From the line containing "Audi A4 Avant - 11" through the last line of the entries, output the text exactly. Pictures stay out.

◆ Records provided ◆
____________________

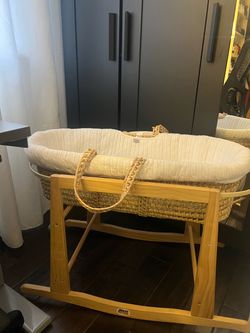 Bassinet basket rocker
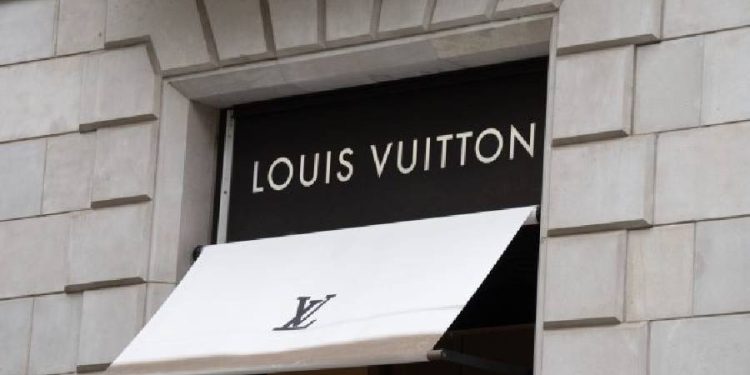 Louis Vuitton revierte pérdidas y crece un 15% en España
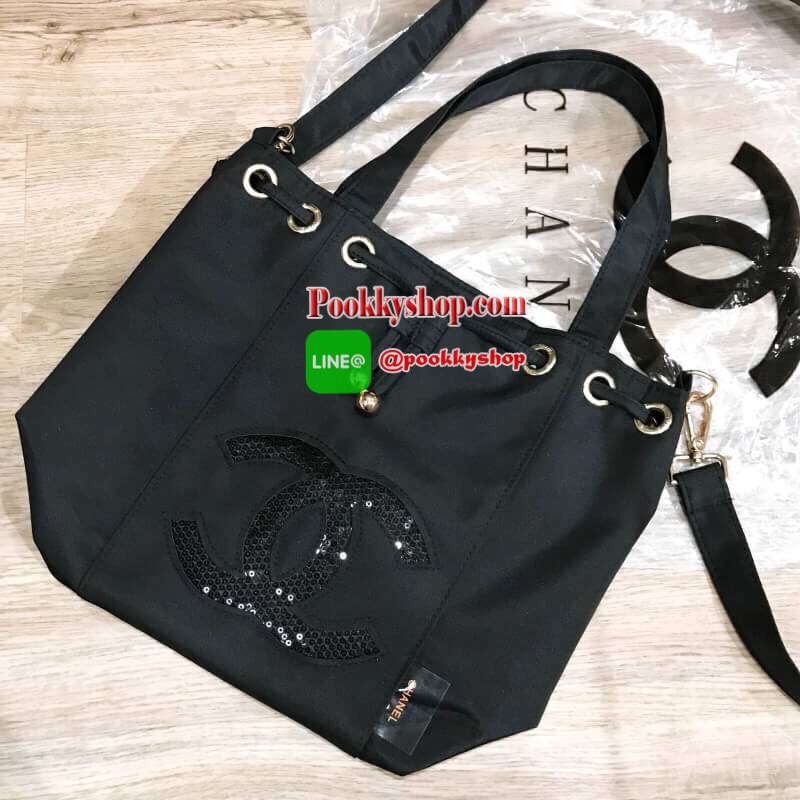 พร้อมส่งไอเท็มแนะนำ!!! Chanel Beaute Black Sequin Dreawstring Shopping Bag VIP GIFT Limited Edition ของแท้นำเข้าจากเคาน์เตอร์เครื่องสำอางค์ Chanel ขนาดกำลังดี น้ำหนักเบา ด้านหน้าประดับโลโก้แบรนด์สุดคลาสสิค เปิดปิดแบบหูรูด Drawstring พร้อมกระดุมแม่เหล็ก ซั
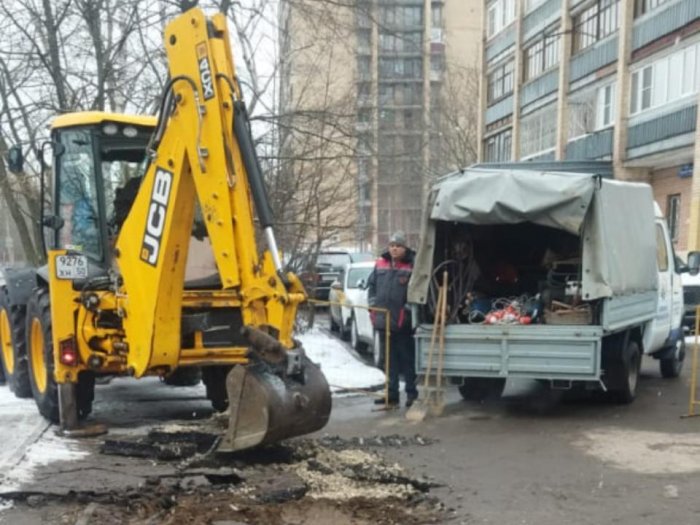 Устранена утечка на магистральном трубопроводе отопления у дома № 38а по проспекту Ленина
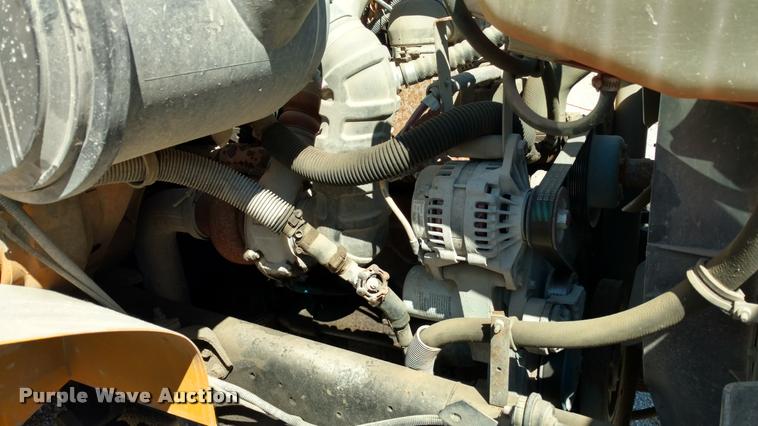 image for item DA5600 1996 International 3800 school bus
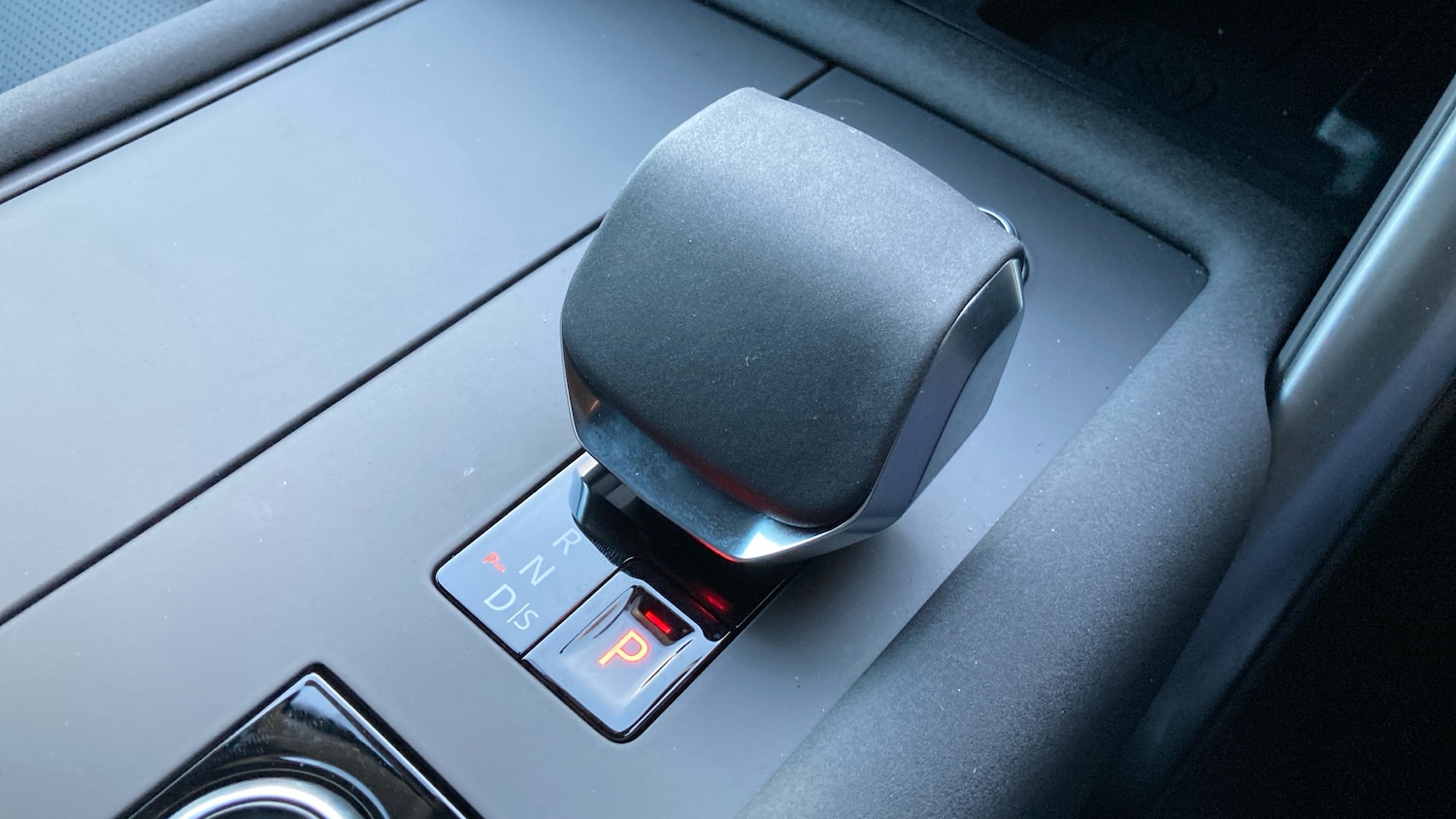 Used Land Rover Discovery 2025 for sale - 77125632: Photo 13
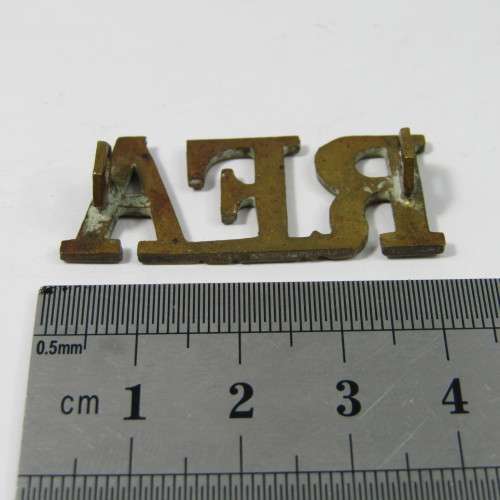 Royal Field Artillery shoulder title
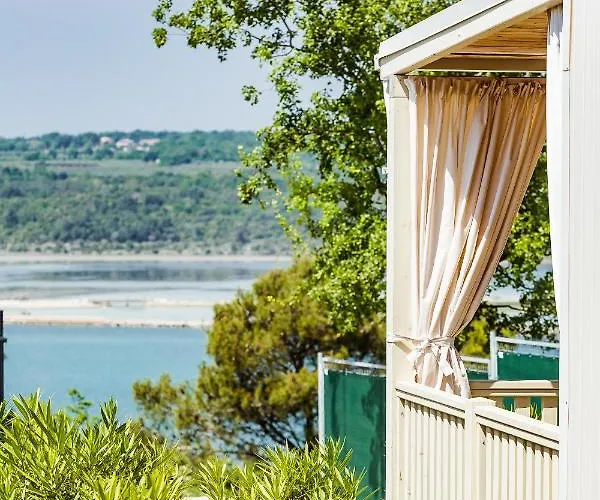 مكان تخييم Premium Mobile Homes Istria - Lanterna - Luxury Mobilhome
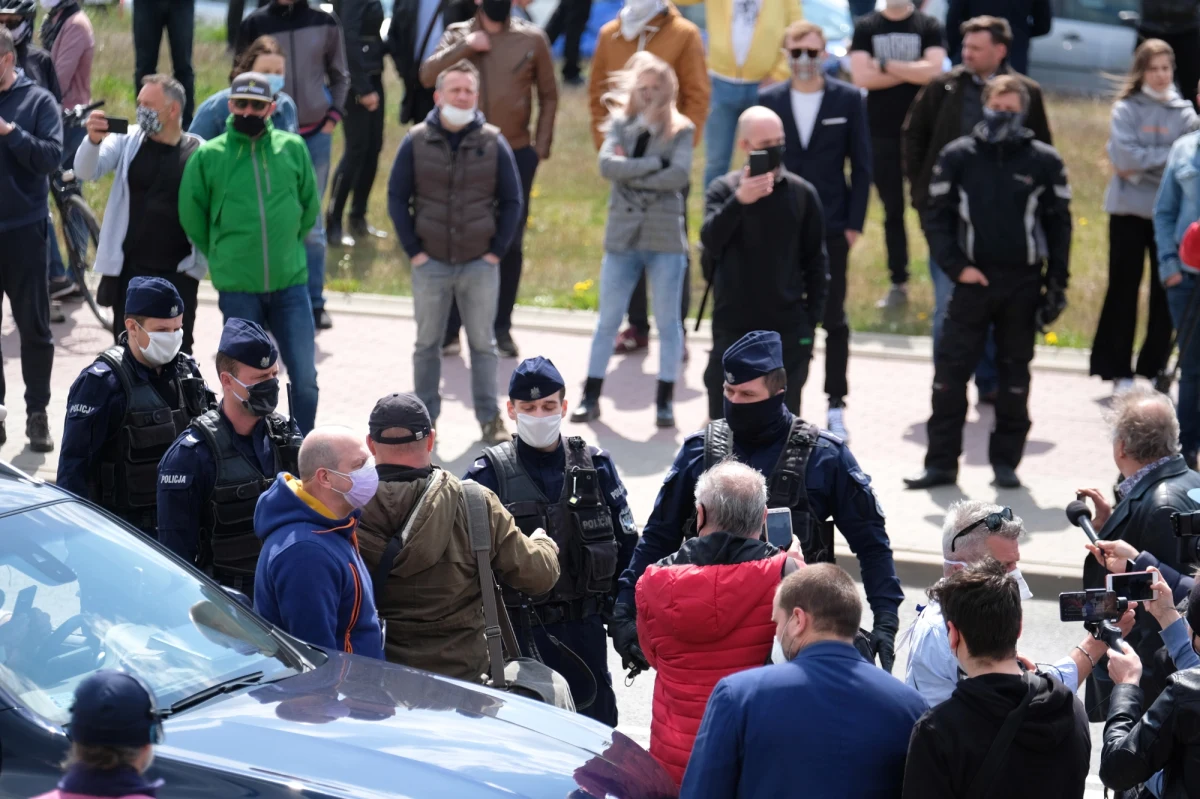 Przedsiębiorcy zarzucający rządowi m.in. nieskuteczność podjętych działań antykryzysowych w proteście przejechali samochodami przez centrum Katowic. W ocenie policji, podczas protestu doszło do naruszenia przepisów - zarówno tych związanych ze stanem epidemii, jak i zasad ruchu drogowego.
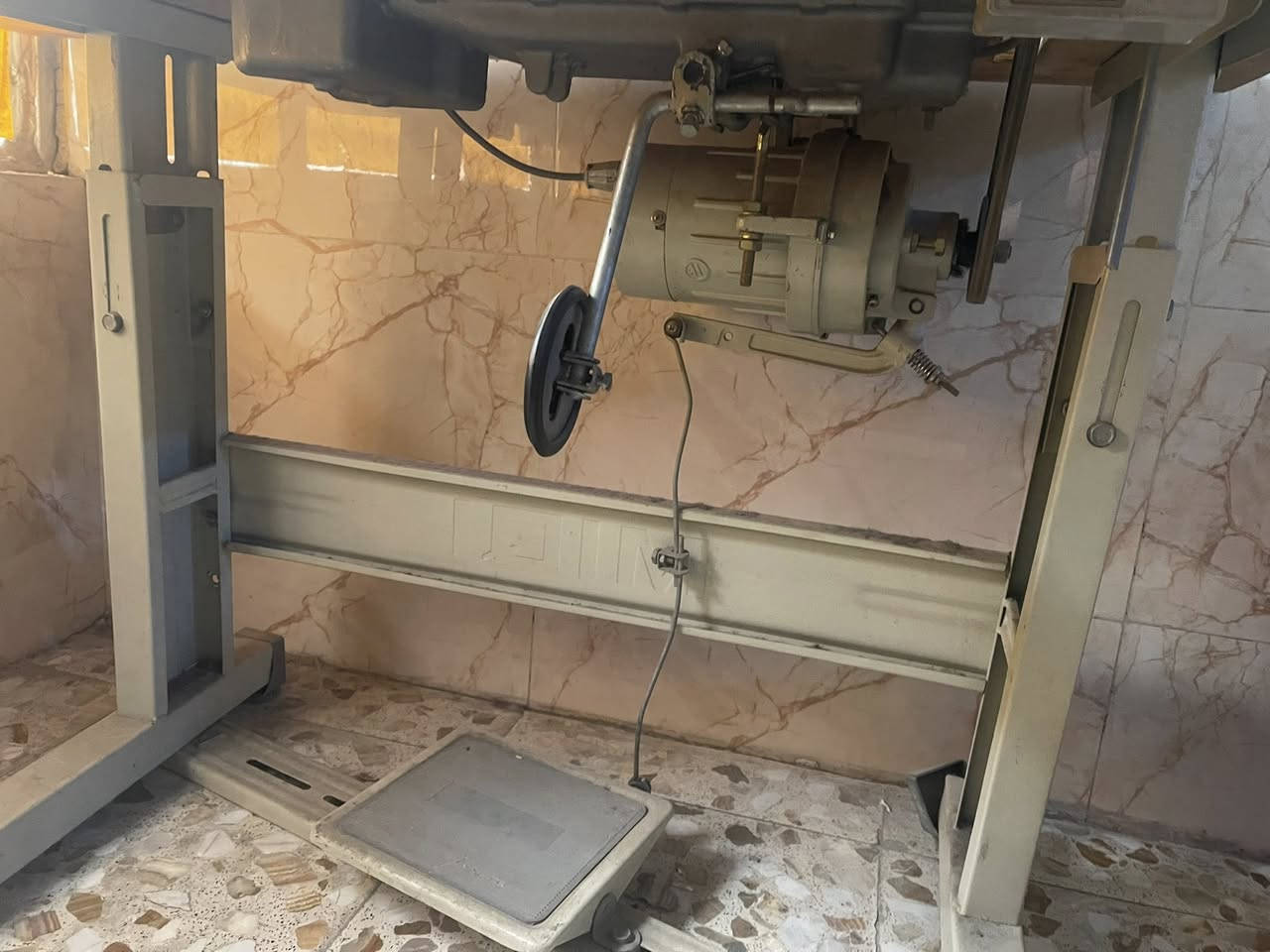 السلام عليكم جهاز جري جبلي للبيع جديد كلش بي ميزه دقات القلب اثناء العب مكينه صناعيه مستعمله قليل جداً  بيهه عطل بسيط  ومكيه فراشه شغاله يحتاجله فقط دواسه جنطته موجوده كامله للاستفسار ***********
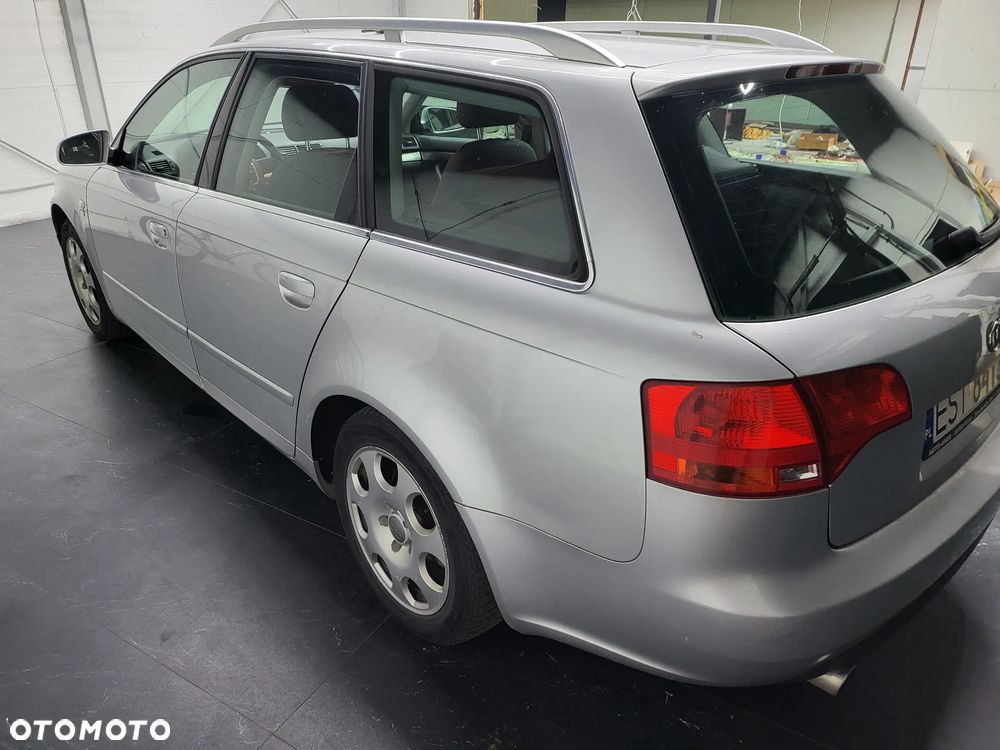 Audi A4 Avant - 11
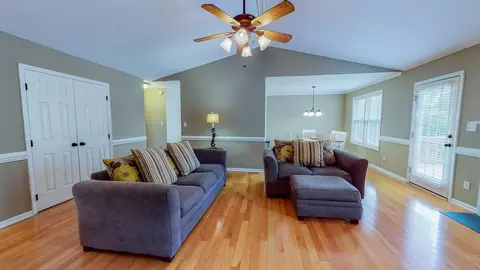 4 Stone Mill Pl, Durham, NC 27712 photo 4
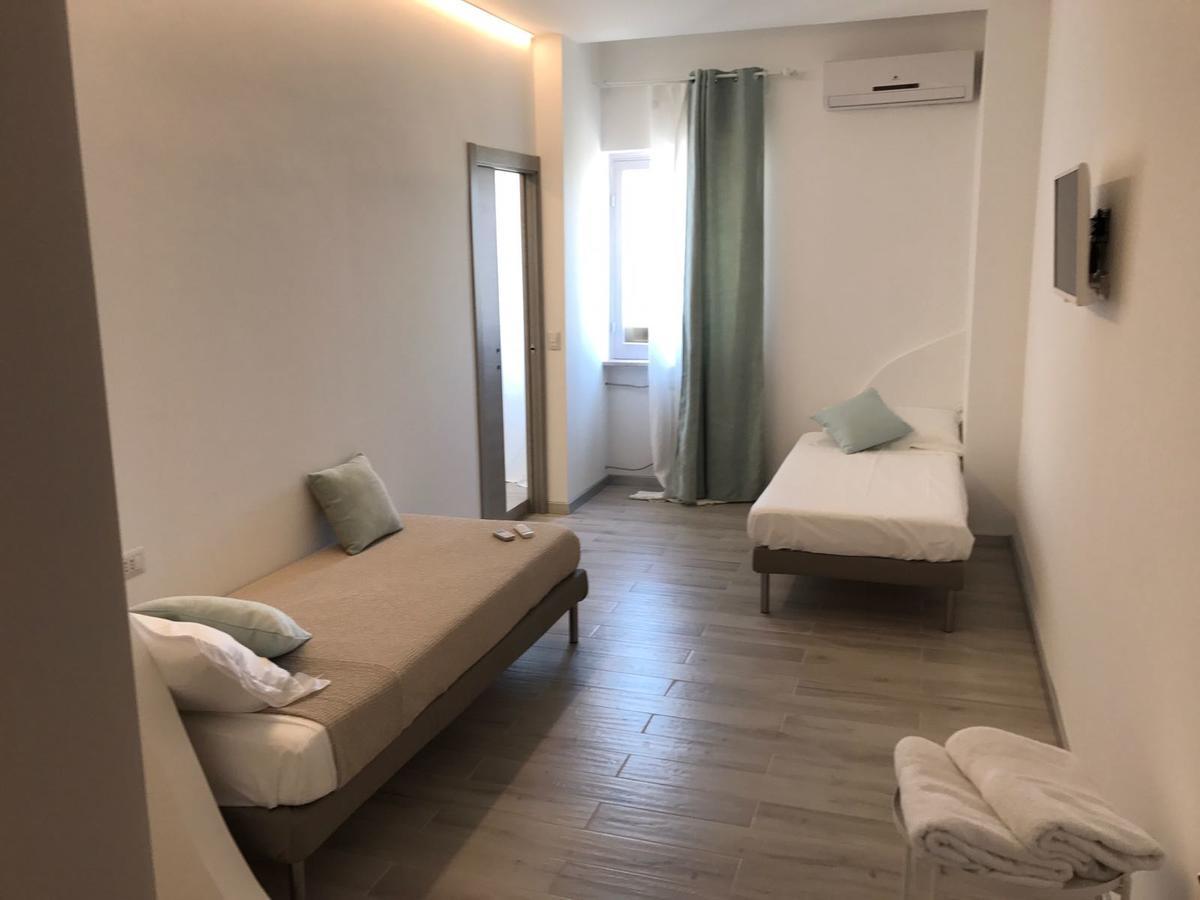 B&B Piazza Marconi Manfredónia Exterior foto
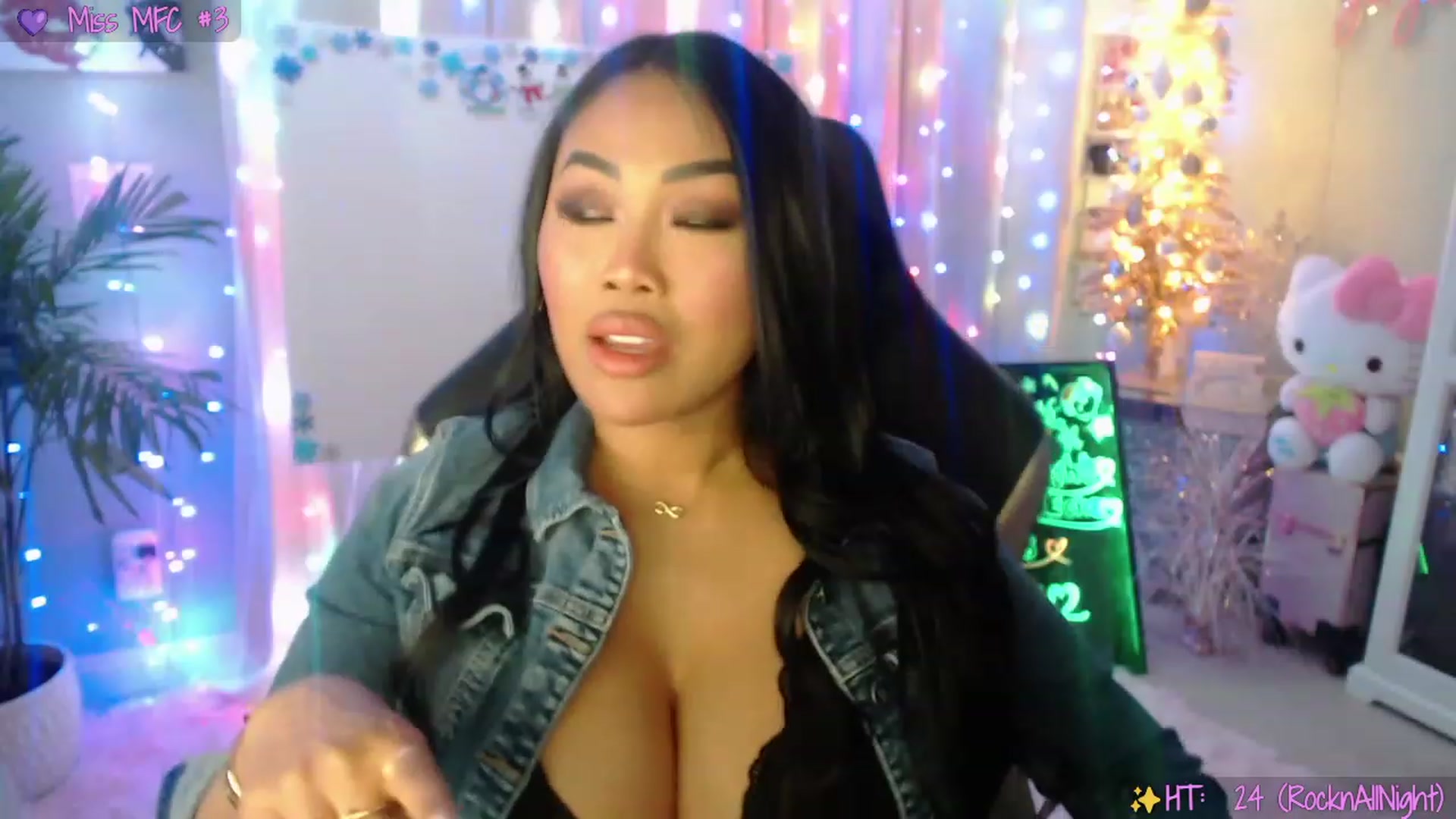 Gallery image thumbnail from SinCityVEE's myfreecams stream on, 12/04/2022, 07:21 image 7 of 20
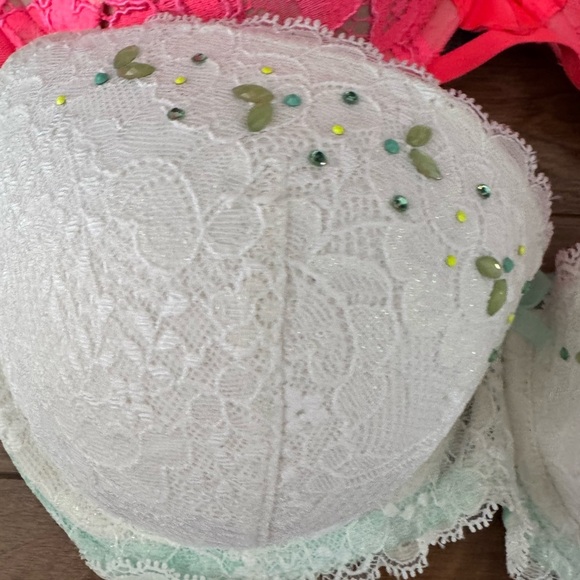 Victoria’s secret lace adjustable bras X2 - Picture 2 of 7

____________________

◆ Expected answer ◆
 Audi A4 Avant - 11
 4 Stone Mill Pl, Durham, NC 27712 photo 4
 B&B Piazza Marconi Manfredónia Exterior foto
 Gallery image thumbnail from SinCityVEE's myfreecams stream on, 12/04/2022, 07:21 image 7 of 20
 Victoria’s secret lace adjustable bras X2 - Picture 2 of 7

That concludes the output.